Kiedy zeszły ze mnie emocje oprócz mało ciekawych wrażeń wzrokowych dotarł do mnie zapach. Nie był to jednak zapach poziomek, borowiny, czy sosny. Był to paskudny fetor fekalii. Ciężko opisać słowami co i jak się poczułem. Nie dość, że wywozi się do lasu wszelkiego rodzaju odpady to teraz las będzie alternatywą dla oczyszczalni ścieków. W końcu co byśmy nie zrobili dla pieniędzy.
Nie tak dawno była to ścieżka po której ledwo maluch mógł się przecisnąć. Potem młodzież próbowała tam swoje terenówki przywiezione z zagranicznych wojaży a teraz ugnieciono niemal dwupasmową drogę prywatnymi śmieciarkami. To co widać na zdjęciach to mieszanina piachu i ścieków których beczka nie potrafiła dowieźć na docelowe miejsce. Tylko gdzie był ten cel? Wstrzymując oddech po paru minutach znalazłem miejsce zlewni. Ze zdziwieniem zobaczyłem że ścieki były rozlewane na pole. Ciekawe co tam zostanie posadzone czy posiane a sądząc po jego rozmiarach pewnie i zakontraktowane.

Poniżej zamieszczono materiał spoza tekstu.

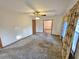 Spacious living room with neutral carpeting, light walls, and a ceiling fan creating a bright and inviting atmosphere at 228 Jean Wells Dr, Goose Creek, SC 29445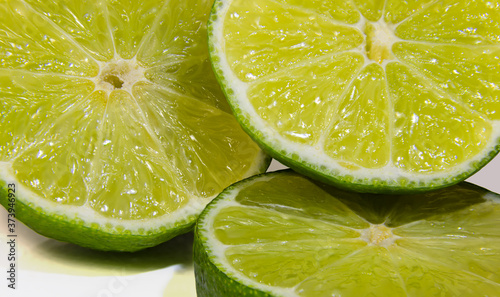 Slices of fresh and juice lime fruits, full frame
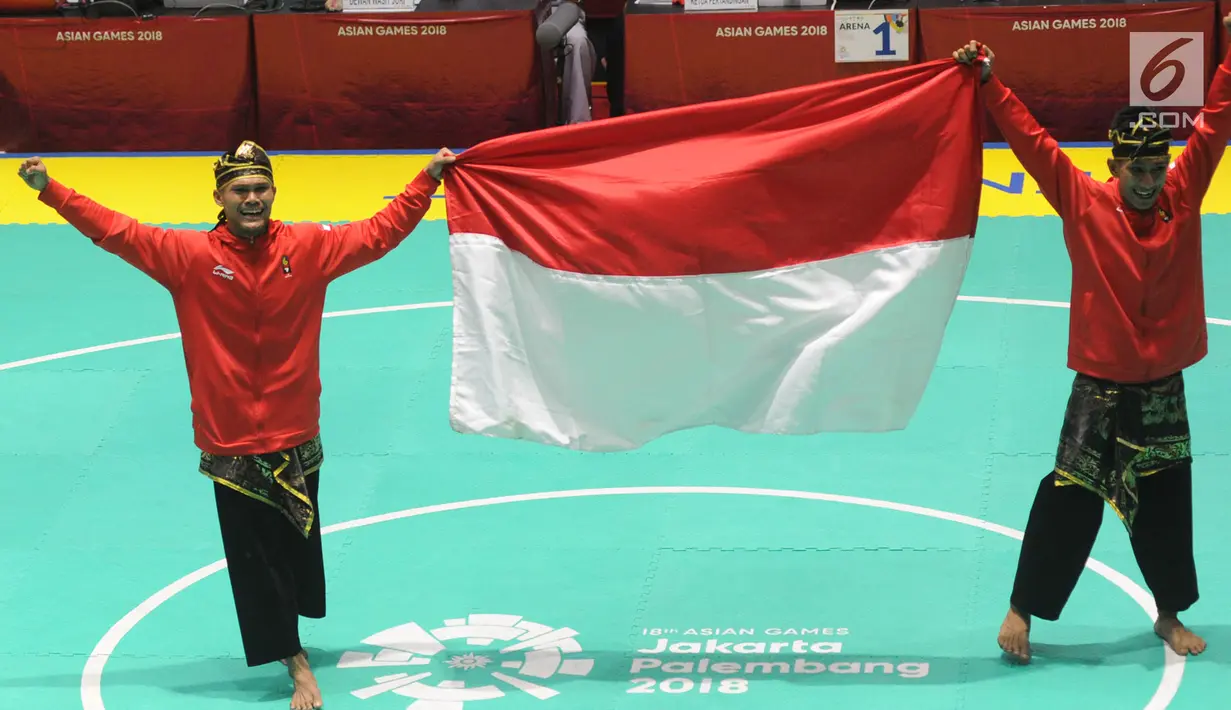 Pesilat Indonesia Yolla Primadona Jumpil dan Hendy membawa bendera setelah memenangi nomor seni ganda putra Asian Games 2018 di Padepokan Pencak Silat, TMII, Senin (27/8). Tim silat Indonesia menyabet medali emas dengan skor 580. (Merdeka.com/Arie Basuki)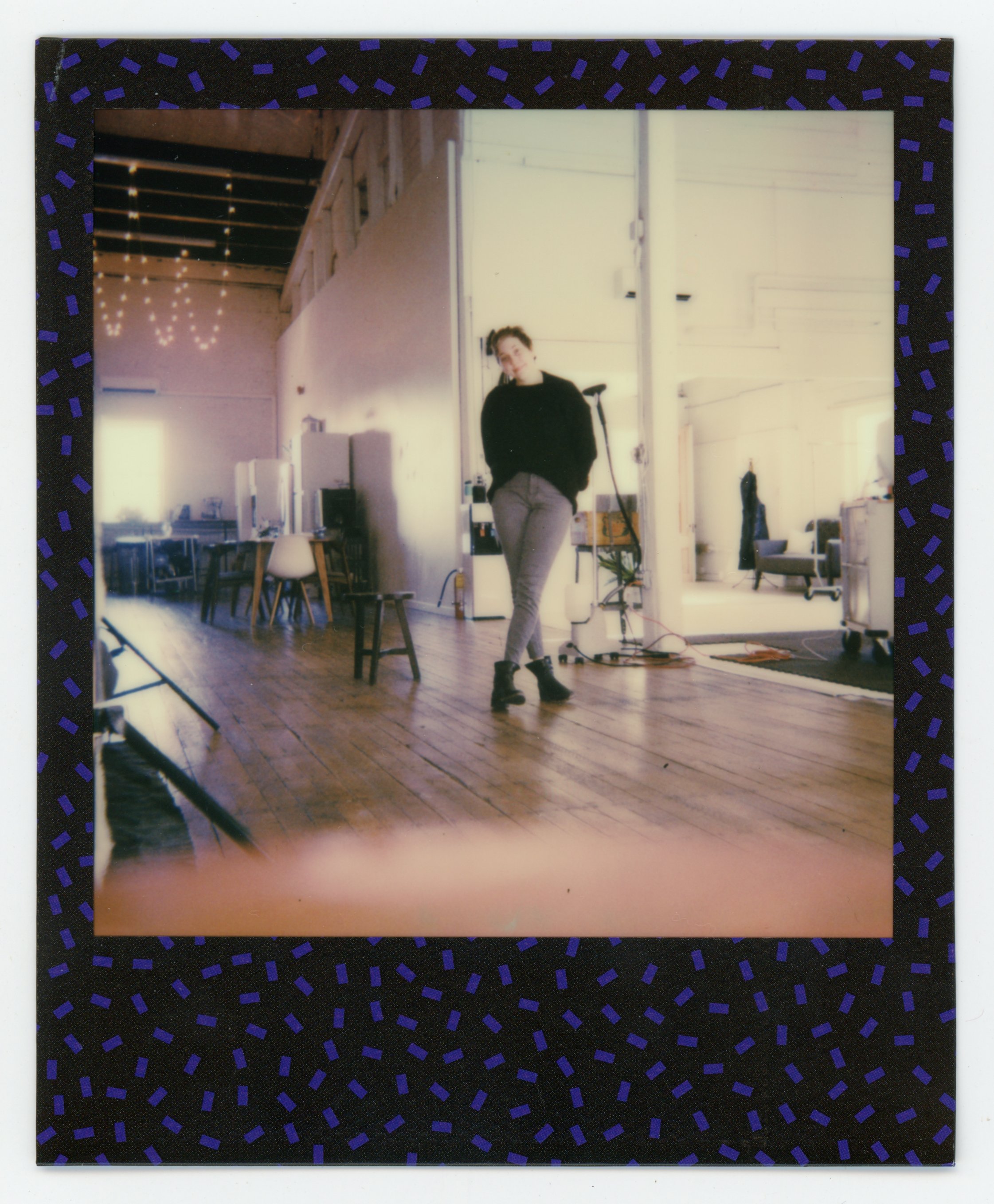 A woman standing in a spacious, well-lit room with wooden floors, holes in the wall and exposed ceiling beams, decorated with string lights and various furniture including chairs, a desk, and a sofa.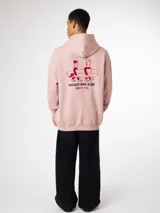 Buzo con capucha color rosa con estampado en la espalda de dos personas llevando una tabla de surf y texto en rojo.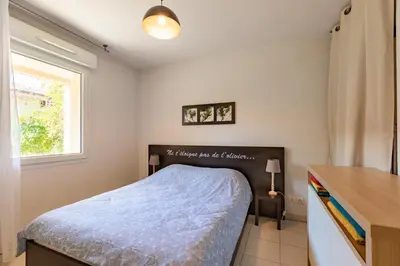 a bedroom with a bed and a desk and a window at Le Clos d'Azille - Appt pour 6 personnes in Azille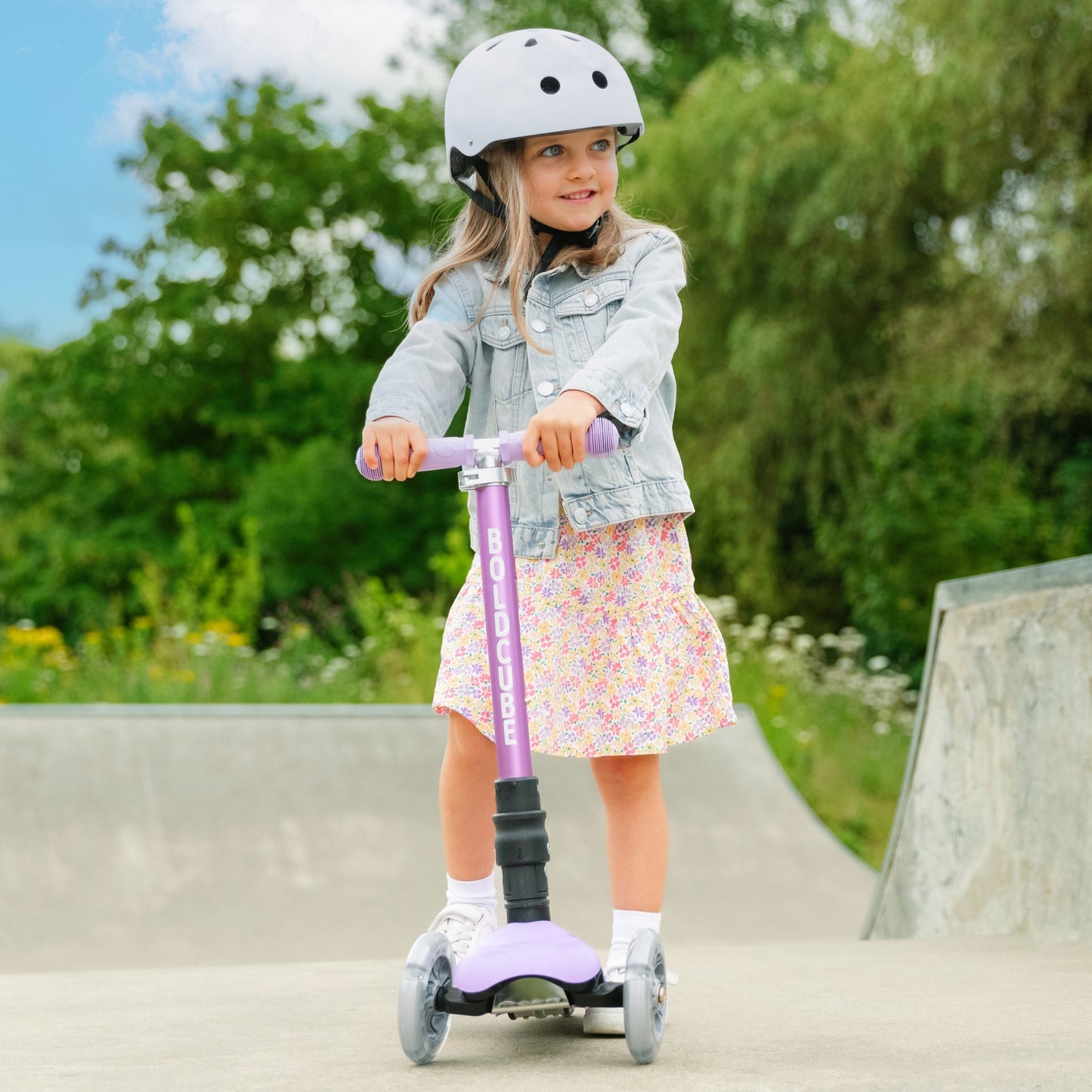 Child riding a purple scooter with a helmet on a paved path with greenery in the background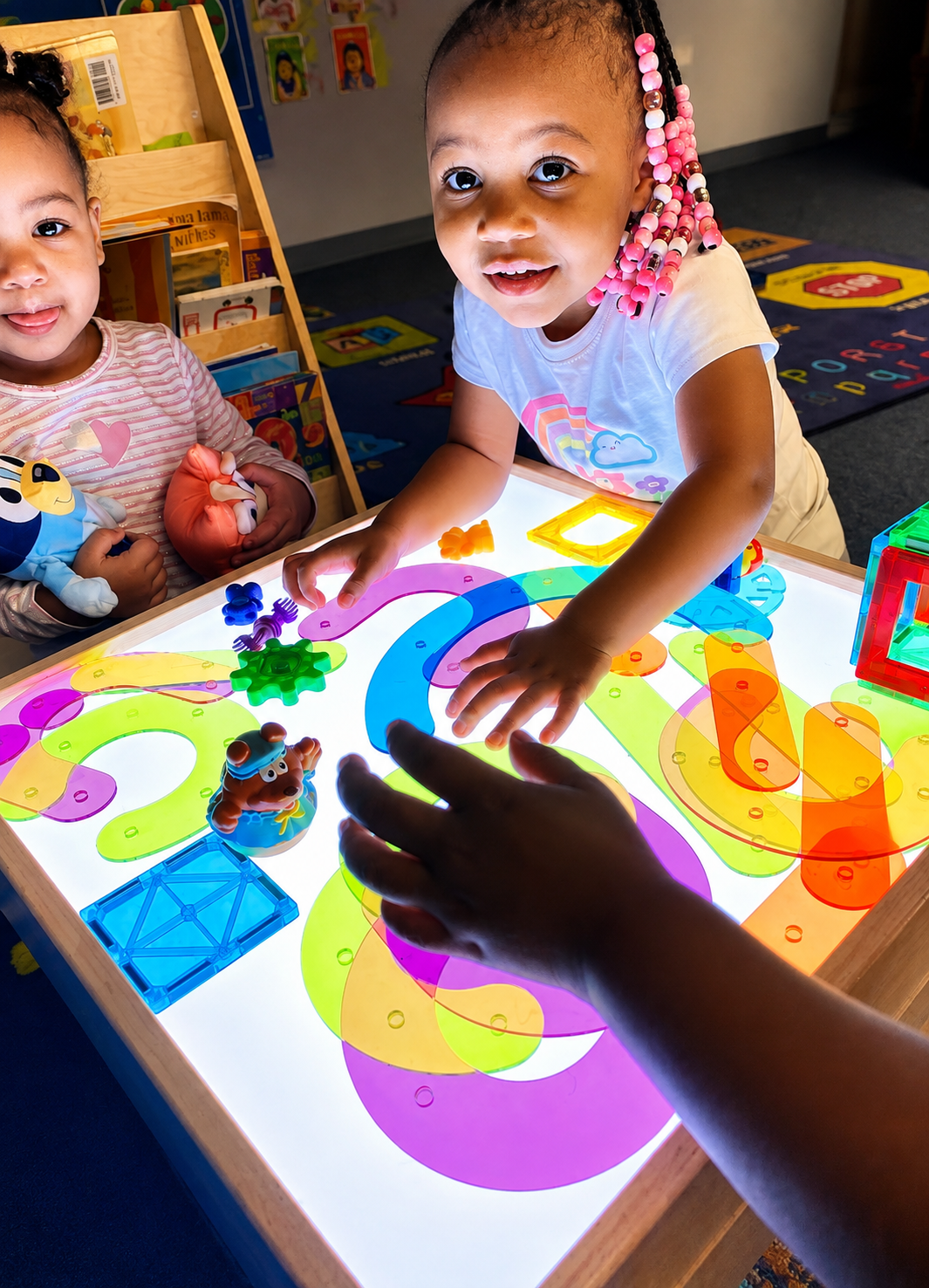 Toddlers playing with colorful translucent shapes on a glowing light table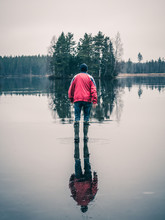 Man Is Walking On Water Ice Lake. Light Is Reflected Lika A Mirror. Small Island In Background.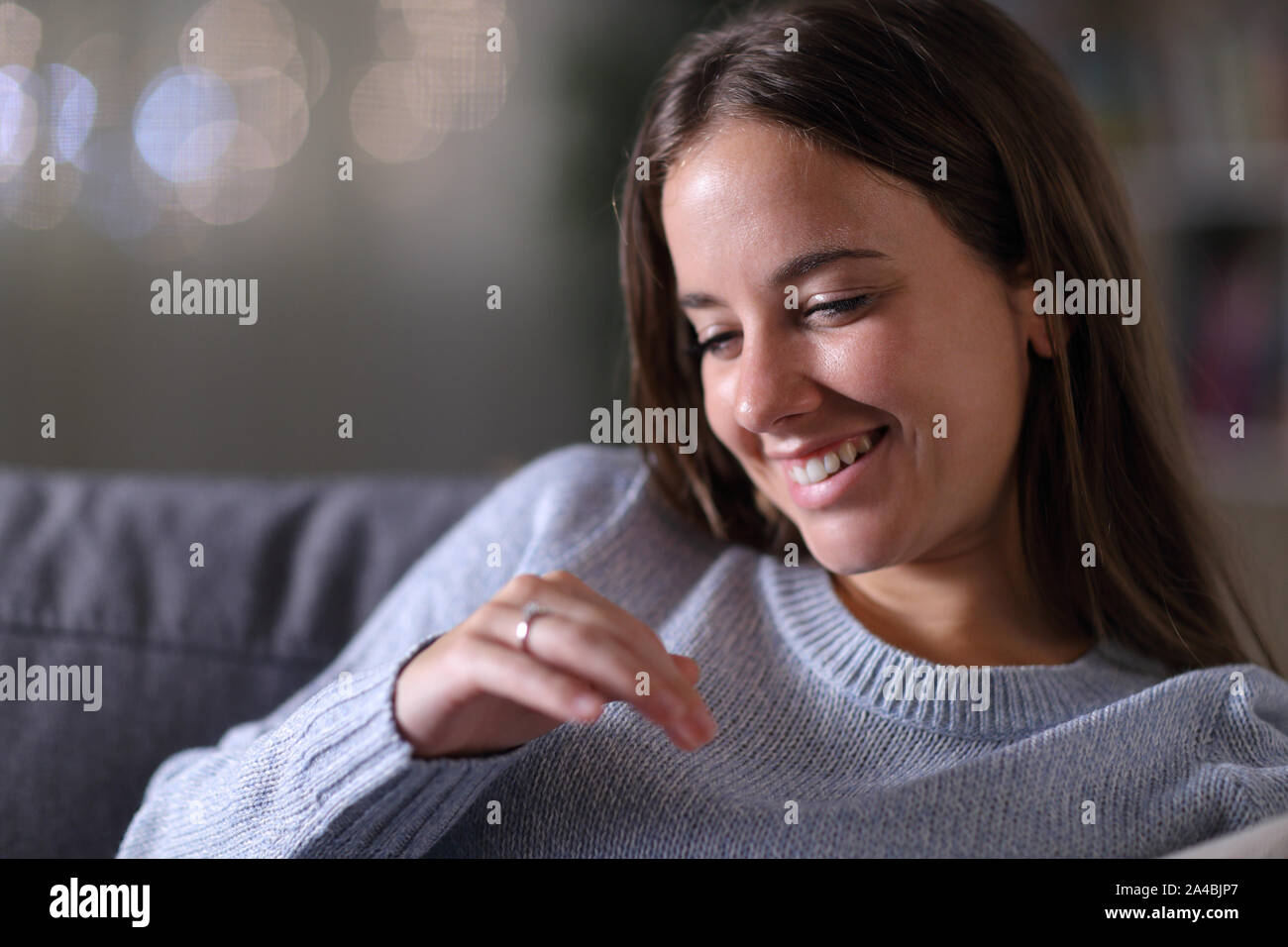 Glückliche Braut an Engagement Ring sitzen auf einer Couch im Wohnzimmer in der Nacht zu Hause suchen Stockfoto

A ja się dziwiłem że kupione w sklepie młode ziemniaki po dwóch dniach gniją i pleśnieją.
Myślę że tego typu procedery uprawiane są nie tylko w gminie Leżajsk. Nie dziwmy się zatem, że po ulewnych deszczach kiedy nadmiar wody spływa do rzek, możemy potem obserwować w korycie płynące śnięte ryby. Bo komu by się chciało żyć w takim brudzie i smrodzie?